シュライアーはどこか恋人への心情を歌っていても神への賛歌と重なるところがありそうですね。
ヒュッシュはこれ以上ないほど見事な楷書という印象ですね。ごまかしがきかないという楷書を貫くヒュッシュ、彼が現在のリート歌唱の方向性を定めたように思います。
ゲルネ、ベーア、ホルツマイア、ヘフリガー、トリッチュラー、ボストリッジ、ウィリアムズとそれぞれの個性が多彩な解釈を生み出してくれていますね。
「ガラスの少年時代は、、」ってKinki Kidsですか?真子さんからKinki Kidsの話題を出していただけるとは思っていませんでした。確か90年代の彼らのデビュー曲でちょっと懐かしめの甘酸っぱい曲調でしたよね。ボストリッジの繊細さは「ガラス」のもろさとも紙一重なのかもしれませんね。
ウィリアムズのご感想、真子さんならではの表現で映画の一場面が目に浮かびました。有難うございます。

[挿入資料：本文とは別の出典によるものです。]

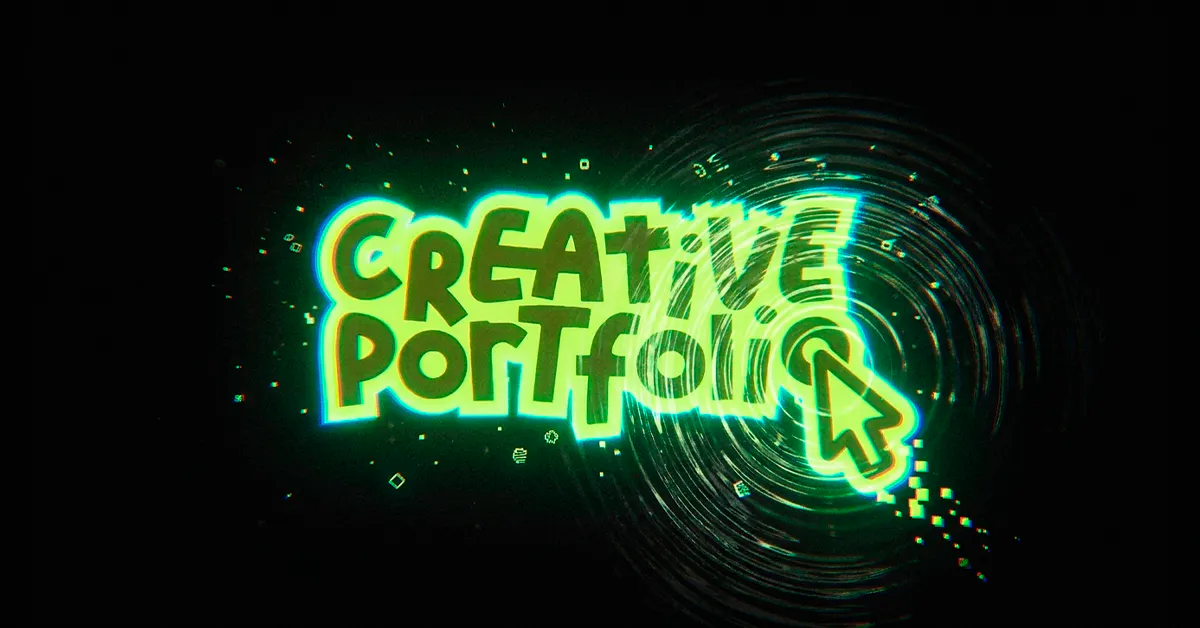 Creative Portfolio gallery image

私の場合、女声で聴くとこの曲の主人公が声変わり前の少年に聴こえます。装飾はおそらく当時のベートーヴェン時代の演奏習慣に従ってヘンドリックスが即興で加えたのではないかと推測します。当時は結構自由だったみたいですからね。
6曲とも丁寧に聴きこんで素敵なコメントを寄せていただき、とても楽しかったです。有難うございました。
来週金曜日はこの歌曲集の総括をアップ予定です。